◆ To do ◆
Give the entries again exactly; drop the pictures.

◆ Provided information ◆
------------------------------------

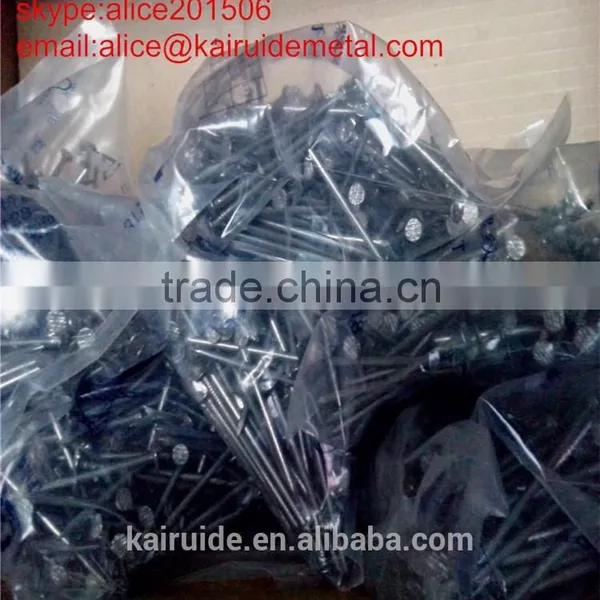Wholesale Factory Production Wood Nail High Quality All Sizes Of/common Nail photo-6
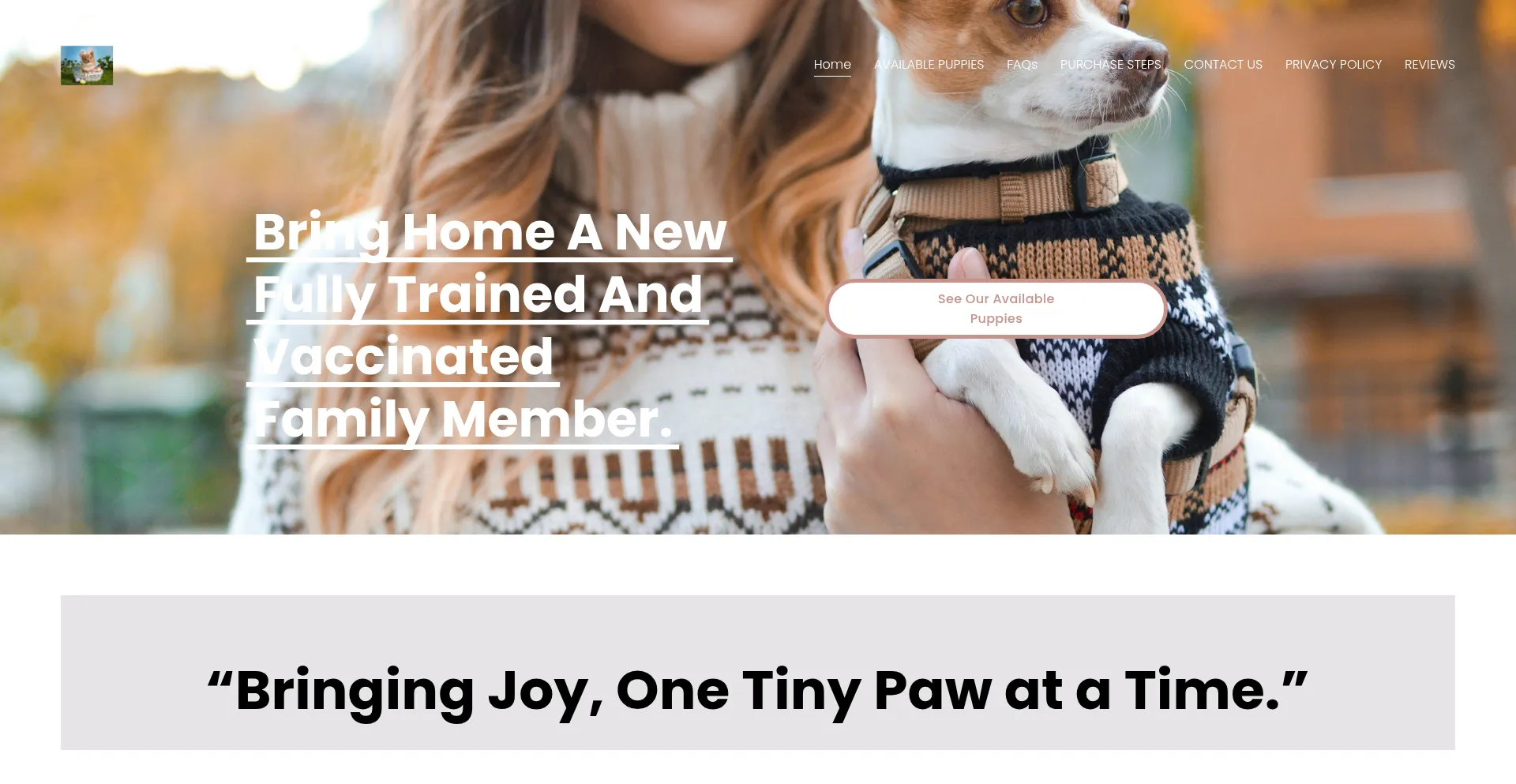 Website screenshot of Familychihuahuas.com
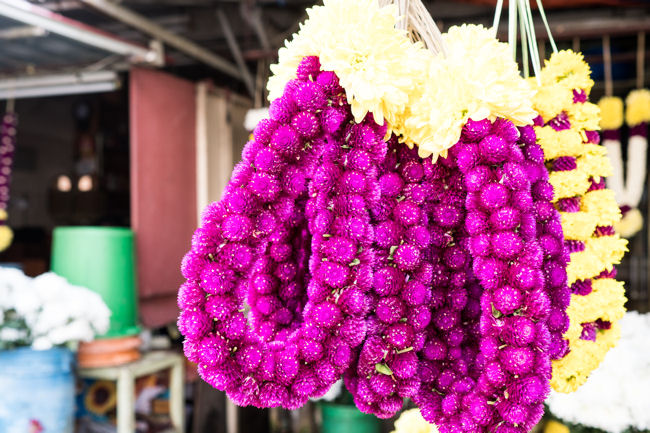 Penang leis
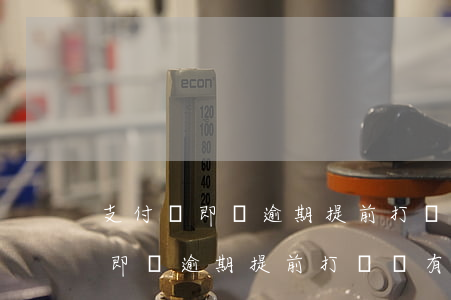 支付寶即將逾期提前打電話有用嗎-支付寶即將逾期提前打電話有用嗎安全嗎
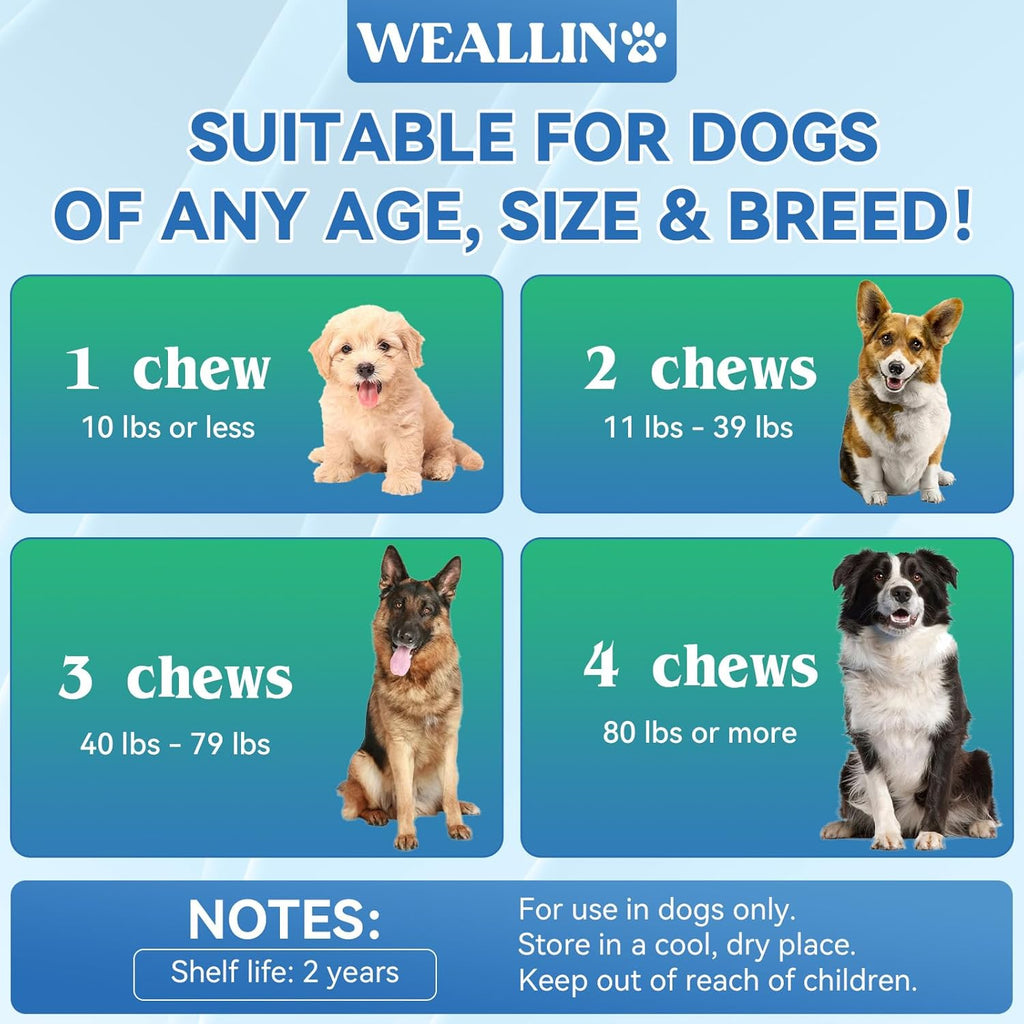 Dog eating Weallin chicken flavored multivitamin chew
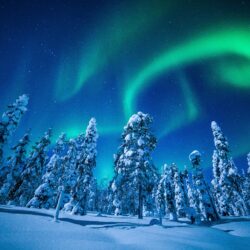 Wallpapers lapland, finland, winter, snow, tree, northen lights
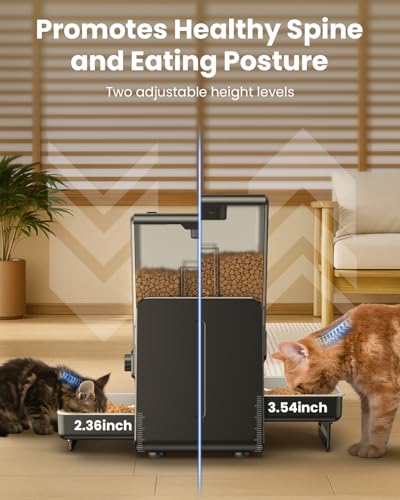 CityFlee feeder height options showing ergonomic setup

------------------------------------

◆ Answer box ◆
Wholesale Factory Production Wood Nail High Quality All Sizes Of/common Nail photo-6
 Website screenshot of Familychihuahuas.com
 Penang leis
 支付寶即將逾期提前打電話有用嗎-支付寶即將逾期提前打電話有用嗎安全嗎
 Dog eating Weallin chicken flavored multivitamin chew
 Wallpapers lapland, finland, winter, snow, tree, northen lights
 CityFlee feeder height options showing ergonomic setup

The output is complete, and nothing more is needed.